Nothing but the records beneath, reproduced exactly, should appear in the answer.

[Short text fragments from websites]
------------------------

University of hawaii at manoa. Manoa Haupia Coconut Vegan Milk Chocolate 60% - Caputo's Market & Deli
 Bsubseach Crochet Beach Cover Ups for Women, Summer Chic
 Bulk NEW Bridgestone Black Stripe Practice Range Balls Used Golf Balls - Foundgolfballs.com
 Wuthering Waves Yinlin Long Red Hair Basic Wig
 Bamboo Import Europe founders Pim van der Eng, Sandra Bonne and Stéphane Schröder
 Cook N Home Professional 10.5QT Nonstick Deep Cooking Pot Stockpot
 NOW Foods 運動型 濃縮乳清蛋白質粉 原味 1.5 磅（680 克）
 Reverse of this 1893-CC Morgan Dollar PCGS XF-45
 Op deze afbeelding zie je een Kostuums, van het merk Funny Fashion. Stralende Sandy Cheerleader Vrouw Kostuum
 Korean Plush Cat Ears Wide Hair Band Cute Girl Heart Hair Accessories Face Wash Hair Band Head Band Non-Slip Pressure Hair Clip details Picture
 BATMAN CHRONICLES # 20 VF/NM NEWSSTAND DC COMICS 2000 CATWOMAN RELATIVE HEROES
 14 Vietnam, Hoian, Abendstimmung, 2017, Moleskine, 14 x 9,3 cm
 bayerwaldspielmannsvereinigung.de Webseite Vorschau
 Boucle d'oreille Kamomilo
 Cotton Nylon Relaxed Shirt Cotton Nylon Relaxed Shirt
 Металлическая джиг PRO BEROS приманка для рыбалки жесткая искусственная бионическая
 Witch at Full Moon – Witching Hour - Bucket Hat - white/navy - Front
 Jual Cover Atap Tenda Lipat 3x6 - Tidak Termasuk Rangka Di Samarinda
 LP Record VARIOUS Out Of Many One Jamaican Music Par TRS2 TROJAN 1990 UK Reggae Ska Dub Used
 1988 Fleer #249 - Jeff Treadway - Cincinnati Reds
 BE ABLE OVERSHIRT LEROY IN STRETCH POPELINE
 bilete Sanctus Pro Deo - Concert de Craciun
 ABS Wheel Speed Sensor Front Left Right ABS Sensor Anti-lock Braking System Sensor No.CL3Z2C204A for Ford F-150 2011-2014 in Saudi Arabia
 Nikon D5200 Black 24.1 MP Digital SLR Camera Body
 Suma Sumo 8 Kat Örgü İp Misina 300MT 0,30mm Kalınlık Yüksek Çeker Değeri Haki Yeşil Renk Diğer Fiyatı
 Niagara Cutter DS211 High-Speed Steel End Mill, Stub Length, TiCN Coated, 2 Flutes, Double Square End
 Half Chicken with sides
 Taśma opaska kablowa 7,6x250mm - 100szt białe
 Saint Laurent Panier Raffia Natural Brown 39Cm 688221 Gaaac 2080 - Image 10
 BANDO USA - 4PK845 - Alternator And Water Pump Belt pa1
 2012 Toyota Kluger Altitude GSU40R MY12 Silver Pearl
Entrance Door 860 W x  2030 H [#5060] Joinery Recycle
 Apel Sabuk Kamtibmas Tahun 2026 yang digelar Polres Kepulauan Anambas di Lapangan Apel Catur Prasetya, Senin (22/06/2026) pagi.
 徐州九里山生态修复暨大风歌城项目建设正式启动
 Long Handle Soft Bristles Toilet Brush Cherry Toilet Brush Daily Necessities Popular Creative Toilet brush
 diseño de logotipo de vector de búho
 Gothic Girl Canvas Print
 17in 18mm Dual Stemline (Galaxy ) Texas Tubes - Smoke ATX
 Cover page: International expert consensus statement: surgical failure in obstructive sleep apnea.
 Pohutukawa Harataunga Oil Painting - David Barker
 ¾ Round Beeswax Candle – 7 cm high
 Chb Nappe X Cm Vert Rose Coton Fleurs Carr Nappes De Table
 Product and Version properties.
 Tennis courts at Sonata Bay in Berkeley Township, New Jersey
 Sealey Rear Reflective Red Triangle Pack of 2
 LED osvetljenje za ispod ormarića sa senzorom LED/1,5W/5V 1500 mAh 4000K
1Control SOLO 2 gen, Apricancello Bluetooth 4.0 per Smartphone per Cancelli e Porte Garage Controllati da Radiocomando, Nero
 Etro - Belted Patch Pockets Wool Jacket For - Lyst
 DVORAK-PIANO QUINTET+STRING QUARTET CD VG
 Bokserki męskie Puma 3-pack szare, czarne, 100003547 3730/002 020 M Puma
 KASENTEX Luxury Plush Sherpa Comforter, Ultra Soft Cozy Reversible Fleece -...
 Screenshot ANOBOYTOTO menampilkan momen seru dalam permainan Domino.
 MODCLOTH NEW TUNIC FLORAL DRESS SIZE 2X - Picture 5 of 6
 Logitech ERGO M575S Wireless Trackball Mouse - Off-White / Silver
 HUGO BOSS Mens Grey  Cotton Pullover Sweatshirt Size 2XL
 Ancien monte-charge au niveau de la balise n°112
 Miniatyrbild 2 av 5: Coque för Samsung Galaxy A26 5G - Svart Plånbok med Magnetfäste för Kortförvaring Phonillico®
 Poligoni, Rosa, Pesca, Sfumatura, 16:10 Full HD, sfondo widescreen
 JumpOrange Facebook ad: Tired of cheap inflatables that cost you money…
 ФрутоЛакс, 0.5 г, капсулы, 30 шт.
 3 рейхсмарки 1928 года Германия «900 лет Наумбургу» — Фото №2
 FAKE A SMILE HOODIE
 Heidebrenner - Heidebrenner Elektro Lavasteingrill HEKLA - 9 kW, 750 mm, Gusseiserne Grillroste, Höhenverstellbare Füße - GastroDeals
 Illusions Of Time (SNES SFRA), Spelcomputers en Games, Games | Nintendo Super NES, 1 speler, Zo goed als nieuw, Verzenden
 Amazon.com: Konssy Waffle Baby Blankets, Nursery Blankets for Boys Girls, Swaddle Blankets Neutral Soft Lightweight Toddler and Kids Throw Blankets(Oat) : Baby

------------------------

Result
University of hawaii at manoa. Manoa Haupia Coconut Vegan Milk Chocolate 60% - Caputo's Market & Deli
 Bsubseach Crochet Beach Cover Ups for Women, Summer Chic
 Bulk NEW Bridgestone Black Stripe Practice Range Balls Used Golf Balls - Foundgolfballs.com
 Wuthering Waves Yinlin Long Red Hair Basic Wig
 Bamboo Import Europe founders Pim van der Eng, Sandra Bonne and Stéphane Schröder
 Cook N Home Professional 10.5QT Nonstick Deep Cooking Pot Stockpot
 NOW Foods 運動型 濃縮乳清蛋白質粉 原味 1.5 磅（680 克）
 Reverse of this 1893-CC Morgan Dollar PCGS XF-45
 Op deze afbeelding zie je een Kostuums, van het merk Funny Fashion. Stralende Sandy Cheerleader Vrouw Kostuum
 Korean Plush Cat Ears Wide Hair Band Cute Girl Heart Hair Accessories Face Wash Hair Band Head Band Non-Slip Pressure Hair Clip details Picture
 BATMAN CHRONICLES # 20 VF/NM NEWSSTAND DC COMICS 2000 CATWOMAN RELATIVE HEROES
 14 Vietnam, Hoian, Abendstimmung, 2017, Moleskine, 14 x 9,3 cm
 bayerwaldspielmannsvereinigung.de Webseite Vorschau
 Boucle d'oreille Kamomilo
 Cotton Nylon Relaxed Shirt Cotton Nylon Relaxed Shirt
 Металлическая джиг PRO BEROS приманка для рыбалки жесткая искусственная бионическая
 Witch at Full Moon – Witching Hour - Bucket Hat - white/navy - Front
 Jual Cover Atap Tenda Lipat 3x6 - Tidak Termasuk Rangka Di Samarinda
 LP Record VARIOUS Out Of Many One Jamaican Music Par TRS2 TROJAN 1990 UK Reggae Ska Dub Used
 1988 Fleer #249 - Jeff Treadway - Cincinnati Reds
 BE ABLE OVERSHIRT LEROY IN STRETCH POPELINE
 bilete Sanctus Pro Deo - Concert de Craciun
 ABS Wheel Speed Sensor Front Left Right ABS Sensor Anti-lock Braking System Sensor No.CL3Z2C204A for Ford F-150 2011-2014 in Saudi Arabia
 Nikon D5200 Black 24.1 MP Digital SLR Camera Body
 Suma Sumo 8 Kat Örgü İp Misina 300MT 0,30mm Kalınlık Yüksek Çeker Değeri Haki Yeşil Renk Diğer Fiyatı
 Niagara Cutter DS211 High-Speed Steel End Mill, Stub Length, TiCN Coated, 2 Flutes, Double Square End
 Half Chicken with sides
 Taśma opaska kablowa 7,6x250mm - 100szt białe
 Saint Laurent Panier Raffia Natural Brown 39Cm 688221 Gaaac 2080 - Image 10
 BANDO USA - 4PK845 - Alternator And Water Pump Belt pa1
 2012 Toyota Kluger Altitude GSU40R MY12 Silver Pearl
Entrance Door 860 W x  2030 H [#5060] Joinery Recycle
 Apel Sabuk Kamtibmas Tahun 2026 yang digelar Polres Kepulauan Anambas di Lapangan Apel Catur Prasetya, Senin (22/06/2026) pagi.
 徐州九里山生态修复暨大风歌城项目建设正式启动
 Long Handle Soft Bristles Toilet Brush Cherry Toilet Brush Daily Necessities Popular Creative Toilet brush
 diseño de logotipo de vector de búho
 Gothic Girl Canvas Print
 17in 18mm Dual Stemline (Galaxy ) Texas Tubes - Smoke ATX
 Cover page: International expert consensus statement: surgical failure in obstructive sleep apnea.
 Pohutukawa Harataunga Oil Painting - David Barker
 ¾ Round Beeswax Candle – 7 cm high
 Chb Nappe X Cm Vert Rose Coton Fleurs Carr Nappes De Table
 Product and Version properties.
 Tennis courts at Sonata Bay in Berkeley Township, New Jersey
 Sealey Rear Reflective Red Triangle Pack of 2
 LED osvetljenje za ispod ormarića sa senzorom LED/1,5W/5V 1500 mAh 4000K
1Control SOLO 2 gen, Apricancello Bluetooth 4.0 per Smartphone per Cancelli e Porte Garage Controllati da Radiocomando, Nero
 Etro - Belted Patch Pockets Wool Jacket For - Lyst
 DVORAK-PIANO QUINTET+STRING QUARTET CD VG
 Bokserki męskie Puma 3-pack szare, czarne, 100003547 3730/002 020 M Puma
 KASENTEX Luxury Plush Sherpa Comforter, Ultra Soft Cozy Reversible Fleece -...
 Screenshot ANOBOYTOTO menampilkan momen seru dalam permainan Domino.
 MODCLOTH NEW TUNIC FLORAL DRESS SIZE 2X - Picture 5 of 6
 Logitech ERGO M575S Wireless Trackball Mouse - Off-White / Silver
 HUGO BOSS Mens Grey  Cotton Pullover Sweatshirt Size 2XL
 Ancien monte-charge au niveau de la balise n°112
 Miniatyrbild 2 av 5: Coque för Samsung Galaxy A26 5G - Svart Plånbok med Magnetfäste för Kortförvaring Phonillico®
 Poligoni, Rosa, Pesca, Sfumatura, 16:10 Full HD, sfondo widescreen
 JumpOrange Facebook ad: Tired of cheap inflatables that cost you money…
 ФрутоЛакс, 0.5 г, капсулы, 30 шт.
 3 рейхсмарки 1928 года Германия «900 лет Наумбургу» — Фото №2
 FAKE A SMILE HOODIE
 Heidebrenner - Heidebrenner Elektro Lavasteingrill HEKLA - 9 kW, 750 mm, Gusseiserne Grillroste, Höhenverstellbare Füße - GastroDeals
 Illusions Of Time (SNES SFRA), Spelcomputers en Games, Games | Nintendo Super NES, 1 speler, Zo goed als nieuw, Verzenden
 Amazon.com: Konssy Waffle Baby Blankets, Nursery Blankets for Boys Girls, Swaddle Blankets Neutral Soft Lightweight Toddler and Kids Throw Blankets(Oat) : Baby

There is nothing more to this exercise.